The easiest way to get started is to use the `getting-started.ipynb` notebook.
The documentation of the database and a lot of query examples are in `db_documentation.md`.

It also works quite well to generate new queries using Chat-Bots.
You can paste the `db_documentation.md` file and ask the bot to generate a query for a specific question or idea.

## Some thoughts about the data

I downloaded my own data several times over the past few months without any issues. However, the last time I downloaded it, there was some missing data for the year 2017. For this time period, the reason_end data field consistently showed none instead of the actual reason why the song ended. If you notice anything unusual in your statistics, it might be because the Spotify data export was inaccurate, and I would recommend re-downloading your data.

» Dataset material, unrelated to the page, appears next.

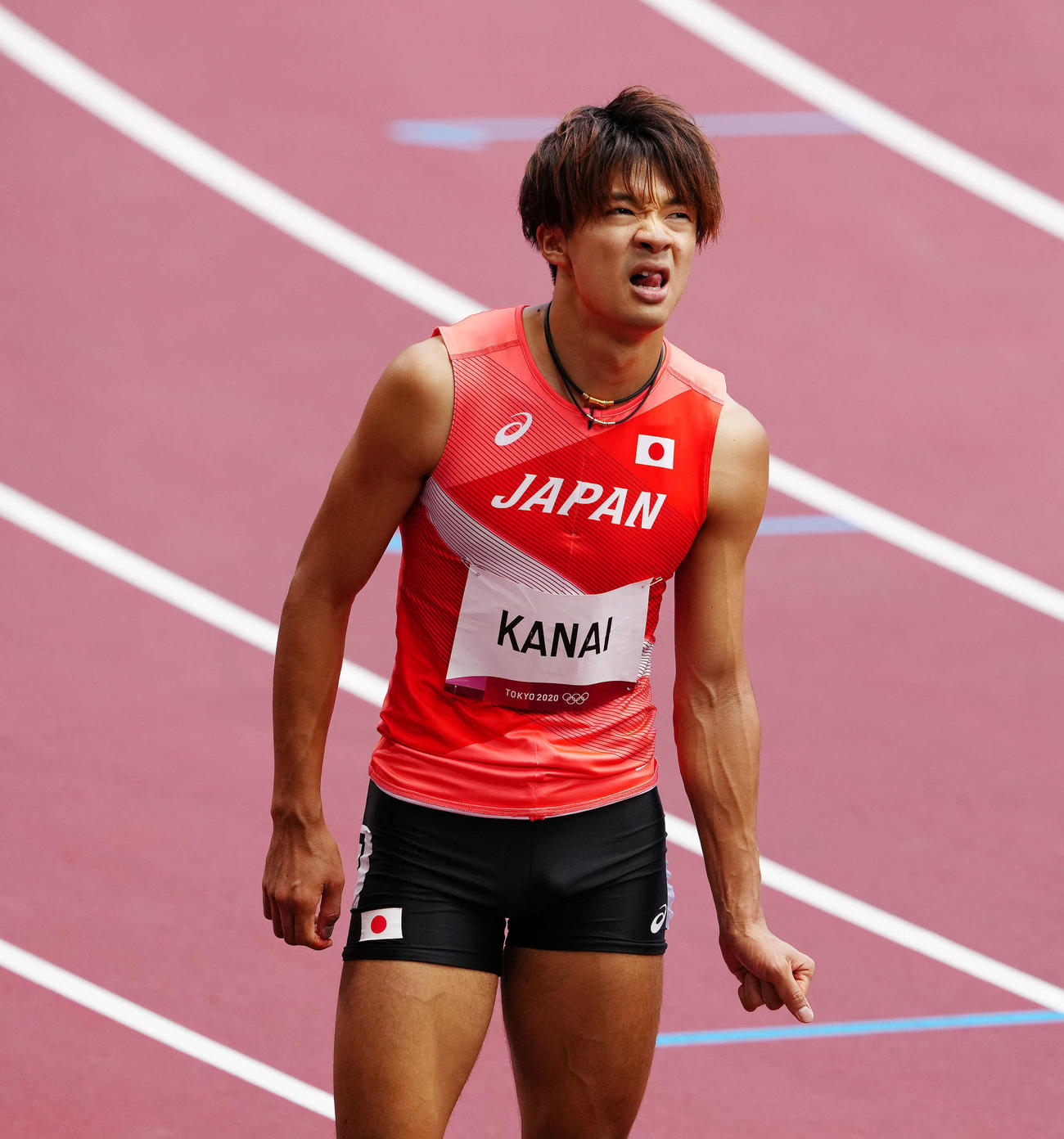 男子110メートル障害準決勝2組、8台目で転倒した金井はレース後に厳しい表情を見せる（撮影・江口和貴）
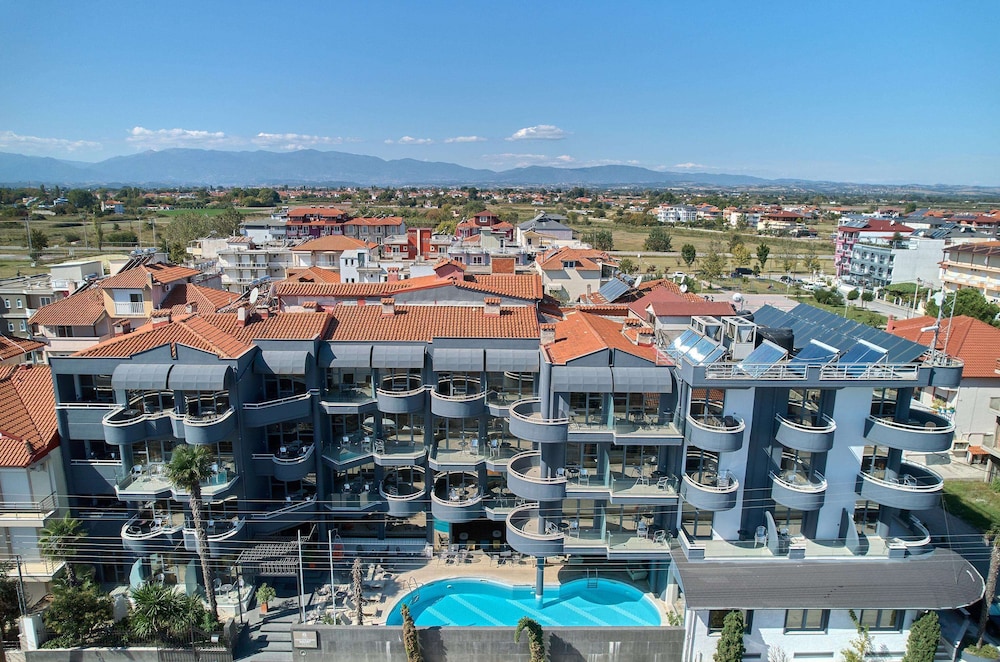 Mediterranean Resort Hotel 56/60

The data is divided into multiple JSON files, each approximately 10.5MB in size, containing the streaming history. This JSON is comprised of a lengthy list of objects, each representing a listening log. Additionally, there's a PDF file that offers explanations for each data field in various languages. Some preprocessing is performed to work with the data more easily.

I initially used the `ts` (timestamp) as my standard time reference, but I noticed that there were instances where multiple songs were logged at the exact same time. I suspect this might have occurred due to a lack of internet connection at those moments. That's why I looked at the `offline_timestamp`. The time in this field is saved as a [Unix timestamp](https://www.unixtimestamp.com/). However, some entries in this field don't make sense (they were less than 100 and would be from the 1970s). To address this, I utilize the `offline_timestamp` if it seems plausible; otherwise, I revert to using the normal `ts` for the timestamp.

## Similar Projects

- [Awesome Spotify Stats](https://github.com/rimsiw/awesome-spotify-stats/blob/main/README.md)
- [Analyzing Spotify stream history](https://ericchiang.github.io/post/spotify/)
- [Should have been listening to Phoebe Bridgers](https://www.darrenshaw.org/blog/2023/01/05/should-have-been-listening-to-phoebe-bridgers.html)
- [Your Spotify](https://github.com/Yooooomi/your_spotify)

## Contributing

Contributions to this project are welcome. Feel free to report bugs, suggest ideas or create merge requests.

## Developing

### Update the website data

[uv](https://docs.astral.sh/uv/getting-started/installation/) is used in the project to run Python.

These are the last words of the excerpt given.